This post was inspired by staff room chat a couple of weeks ago. Bemoaning the end of summer our attention turned to the lovely colours some of the female staff where wearing. The bright colours brought me back to A level Latin class and our translation of The Aeneid. You see, this topic of conversation is not a new one as even back about 30BC Virgil waxed lyrical about the Tyrian purple cloak that Dido had made for Aeneas heading into battle, he even remained cloaked in it on his funeral pyre ! It was also the colour of choice for the Roman ruling classes. The status of the individual was reflected in the width of the purple stripe on their toga with the Emperor having a ceremonial toga of Tyrian purple.
Natural dyes are derived from plants, invertebrates, or minerals. The majority of natural dyes are vegetable dyes from plant sources and other organic sources such as fungi and lichens. Tyrian purple has been around since approximately 1600BC and is obtained from the hypobranchial gland of various species of marine molluscs. It was original extracted and marketed as a dye in the city of Tyre, now the fourth largest city in Lebanon but back in the ancient world a major commercial centre. It took 12,000 molluscs to produce approximately 1 1/2 grams of this dye so it was considered as valuable as silver. The molluscs were crushed and boiled up to release the colourful chemical required for dying. The chemical, 6,6-dibromoindigo, that is responsible for Tyrian Purple was identified at the turn of the last century by the chemist Paul Friedlander.

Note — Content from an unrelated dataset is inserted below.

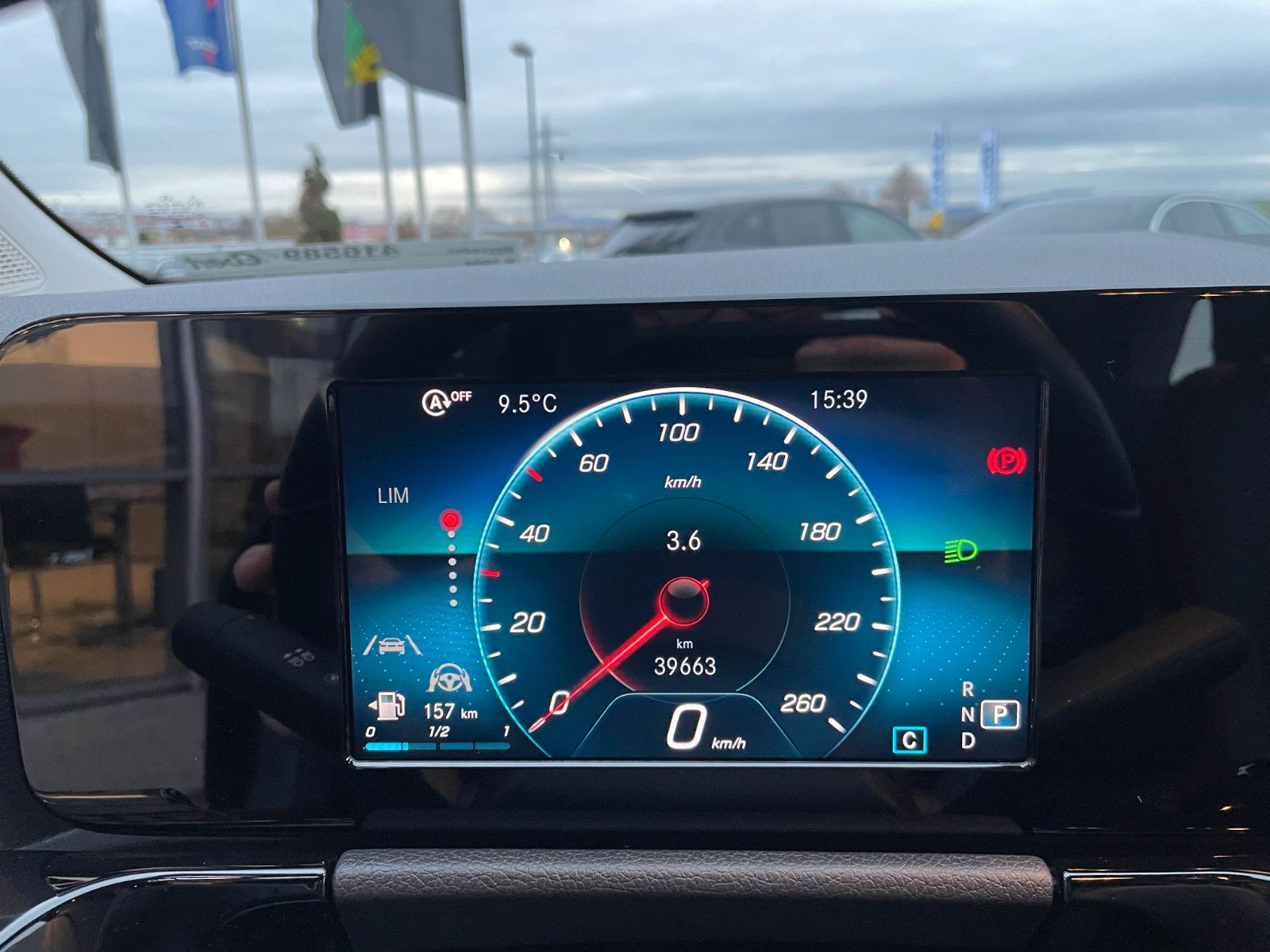 Fahrzeugabbildung Mercedes-Benz B 200 d R-Kamera+AHK+DISTR+LED+Carplay+DAB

He was able to isolate 1g of the dye from the molluscs and analyse it to obtain an empirical formula ( using the structure below can you work it out !) The presence of bromine in the molecule was unexpected and it is believed that it is what causes the reddish tinge to an indigo based molecule.
The background to the production of synthetic dyes is interesting as it took off when dyes started to be synthesised from coal tar. Coal tar contains various aromatic hydrocarbons like toluene, xylene, benzene and is obtained from the distillation of bituminous coal. Most organic compounds are colourless but certain organic molecules with an extensively delocalised electron system will absorb in the visible range of the spectrum. Synthetic dyes have the advantage of being less costly and more reliable to produce. The famous chemist William Perkin made the first synthetic dye Maurvin in 1856. His legacy includes the Perkin Medal which is widely acknowledged as the highest honour in American industrial chemistry and also the RSC journal Perkin Transactions (1997-2002). By the end of the 1800s indigo and alizarin had also been made synthetically and so began our colourful journey. Today there are over 3600 different types of synthetic dye and 500,000 tonnes are produced each year. Chemists now tailor the molecules so that they do not present any environmental problems and that they adsorb on to the desired substrate eg cotton, polyester. Environmentally the high water to dye ratio in the dying process has resulted in major pollution problems with waterless dyeing being the holy grail in the textiles industry. We’ve come a long way from the marine molluscs but interestingly natural dyes are all the rage again ! Batik scarf anyone ?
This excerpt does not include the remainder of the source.